When controversy surrounds the SIR and vote theft makes headlines, how can we trust the Election Commission? And if we cannot, what does this mean for the vulnerable voter?
Last Wednesday, Mamata Banerjee made headlines as she appeared at the Supreme Court to win “justice for the people of West Bengal”. This statement comes in the wake of the recently conducted Special Intensive Revision (SIR) by the Election Commission in Bengal. The CM’s claims of the officials being “BJP Officers” were based on the alleged unjustified deletion of names from the voter roll. Banerjee cited cases of simple name changes flagged as “discrepancies” in the system, severely reducing voter turnout.
These concerns form part of a broader set of questions being raised about the functioning of the Election Commission itself; for instance, Rahul Gandhi’s recent call-out of duplicate EPIC entries, odd constituency-wise surges, and data that is not machine-readable.
Under Article 324, the Election Commission of India (ECI) holds a public trust: to ensure that elections are free, fair, and seen to be so. Article 324(2) states that the Election Commission shall consist of the Chief Election Commissioner and such number of other Election Commissioners as the President may determine, and that their appointments shall be made by the President, subject to any law enacted by Parliament. It is therefore unsurprising that in the seven decades since the Constitution’s adoption, Parliament failed to enact such a law, leaving appointments by default in the hands of the executive.
It was in this context that Anoop Baranwal v. Union of India came before the Supreme Court. For decades, the ECI’s structure rested on convention, with appointments effectively controlled by the government of the day. This meant that the referee of the electoral process was chosen by one of the teams playing the game—a system fundamentally at odds with the idea of free and fair elections that the Commission is meant to safeguard.

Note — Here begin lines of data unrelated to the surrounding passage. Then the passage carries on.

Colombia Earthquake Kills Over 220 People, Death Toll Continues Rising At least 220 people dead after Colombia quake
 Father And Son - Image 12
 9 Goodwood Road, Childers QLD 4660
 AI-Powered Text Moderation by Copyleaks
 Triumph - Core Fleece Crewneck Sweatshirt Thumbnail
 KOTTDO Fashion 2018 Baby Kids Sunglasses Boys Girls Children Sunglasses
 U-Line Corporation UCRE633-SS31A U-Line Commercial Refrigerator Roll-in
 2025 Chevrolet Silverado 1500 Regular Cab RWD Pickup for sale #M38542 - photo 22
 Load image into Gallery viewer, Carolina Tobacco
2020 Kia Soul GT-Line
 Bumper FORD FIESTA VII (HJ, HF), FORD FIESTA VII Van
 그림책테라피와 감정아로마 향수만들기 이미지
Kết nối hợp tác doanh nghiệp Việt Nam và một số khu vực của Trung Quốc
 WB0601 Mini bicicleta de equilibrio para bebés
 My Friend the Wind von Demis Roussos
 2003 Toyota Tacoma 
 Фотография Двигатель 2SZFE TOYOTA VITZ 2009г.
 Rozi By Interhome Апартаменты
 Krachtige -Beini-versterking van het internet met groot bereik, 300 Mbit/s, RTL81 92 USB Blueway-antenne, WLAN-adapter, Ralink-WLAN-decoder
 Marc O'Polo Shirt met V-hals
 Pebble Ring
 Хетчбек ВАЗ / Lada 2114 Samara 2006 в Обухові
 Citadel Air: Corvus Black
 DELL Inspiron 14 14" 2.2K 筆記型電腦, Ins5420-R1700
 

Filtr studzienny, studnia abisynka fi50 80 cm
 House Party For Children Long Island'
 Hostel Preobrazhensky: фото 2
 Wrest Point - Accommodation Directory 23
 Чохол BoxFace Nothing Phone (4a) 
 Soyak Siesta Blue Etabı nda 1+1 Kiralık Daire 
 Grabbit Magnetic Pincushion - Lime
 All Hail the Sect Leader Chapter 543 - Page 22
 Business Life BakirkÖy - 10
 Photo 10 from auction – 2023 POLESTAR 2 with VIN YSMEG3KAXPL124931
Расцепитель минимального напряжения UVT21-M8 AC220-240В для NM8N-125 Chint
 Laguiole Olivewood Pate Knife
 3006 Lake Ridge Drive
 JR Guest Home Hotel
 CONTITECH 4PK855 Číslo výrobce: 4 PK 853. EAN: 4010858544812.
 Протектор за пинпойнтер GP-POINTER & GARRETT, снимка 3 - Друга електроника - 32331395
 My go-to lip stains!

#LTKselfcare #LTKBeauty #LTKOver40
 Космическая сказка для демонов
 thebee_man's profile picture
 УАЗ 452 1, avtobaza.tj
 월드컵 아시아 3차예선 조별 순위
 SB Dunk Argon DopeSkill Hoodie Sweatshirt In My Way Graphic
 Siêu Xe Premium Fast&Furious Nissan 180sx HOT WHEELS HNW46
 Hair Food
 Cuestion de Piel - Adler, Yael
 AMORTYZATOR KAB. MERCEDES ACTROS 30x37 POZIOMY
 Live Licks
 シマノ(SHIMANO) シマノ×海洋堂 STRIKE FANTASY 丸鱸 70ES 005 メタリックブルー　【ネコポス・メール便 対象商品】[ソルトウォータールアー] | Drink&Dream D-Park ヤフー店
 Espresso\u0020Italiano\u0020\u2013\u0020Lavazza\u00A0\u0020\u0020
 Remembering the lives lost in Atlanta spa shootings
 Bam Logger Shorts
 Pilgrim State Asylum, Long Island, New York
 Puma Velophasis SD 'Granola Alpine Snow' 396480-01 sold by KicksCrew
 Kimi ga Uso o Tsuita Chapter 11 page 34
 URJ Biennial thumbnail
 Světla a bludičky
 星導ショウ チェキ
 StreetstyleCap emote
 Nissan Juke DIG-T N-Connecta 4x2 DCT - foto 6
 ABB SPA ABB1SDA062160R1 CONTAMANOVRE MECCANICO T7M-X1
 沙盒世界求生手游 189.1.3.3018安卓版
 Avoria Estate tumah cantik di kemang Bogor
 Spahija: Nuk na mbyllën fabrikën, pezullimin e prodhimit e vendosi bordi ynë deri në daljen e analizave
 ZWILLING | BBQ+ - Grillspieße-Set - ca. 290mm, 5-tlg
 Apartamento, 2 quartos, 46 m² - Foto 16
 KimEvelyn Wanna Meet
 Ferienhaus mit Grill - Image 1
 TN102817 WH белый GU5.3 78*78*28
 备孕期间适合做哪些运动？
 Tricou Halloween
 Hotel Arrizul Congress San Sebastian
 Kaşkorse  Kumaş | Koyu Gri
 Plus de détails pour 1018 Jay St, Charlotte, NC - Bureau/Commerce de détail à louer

In Anoop Baranwal (2023), a Constitution Bench led by Justice K.M. Joseph held that, until Parliament legislates, appointments to the ECI must be made by a committee comprising the Prime Minister, the Leader of the Opposition, and the Chief Justice of India.
A swift response followed the judgment. The Chief Election Commissioner and Other Election Commissioners Act, 2023, replaced the Chief Justice with a Union Cabinet Minister nominated by the Prime Minister, diluting the entire purpose and reconstituting appointment power in the executive.
This brings us to Rahul Gandhi’s 7 August 2025 presentation, which raises critical questions, not about the factuality of the claims but instead about the response of the ECI to file for an affidavit as its first action.
When such allegations are verifiable, the Commission’s constitutional instinct should be to open a suo motu inquiry, invite particulars, publish methods, and report back. By demanding an affidavit before engaging, the ECI inadvertently communicated that it polices critics more readily than it audits itself.
Another response by the ECI was the adoption of a 45-day retention policy for CCTV/webcast footage. The stated reasons, privacy, the risk of maliciously edited clips, and resource constraints may not be frivolous. But the constitutional effect is stark: the evidentiary trail for retrospective audit is shortened to the point of near uselessness.
In instances like Uttar Pradesh (May 2024), Faridabad (2019), and Manipur (April 2024), video materials and on-ground visuals were key triggers. What survives in the archive determines what survives in law, which is exactly why a 45-day deletion cycle is a constitutional misfit.
This worry is not about one election cycle, one constituency, or one political party. It is about patterns: appointments that appear executive-tilted, opaque data practices around electoral rolls, truncated retention of polling-day evidence, and a defensive institutional reflex when faced with falsifiable allegations.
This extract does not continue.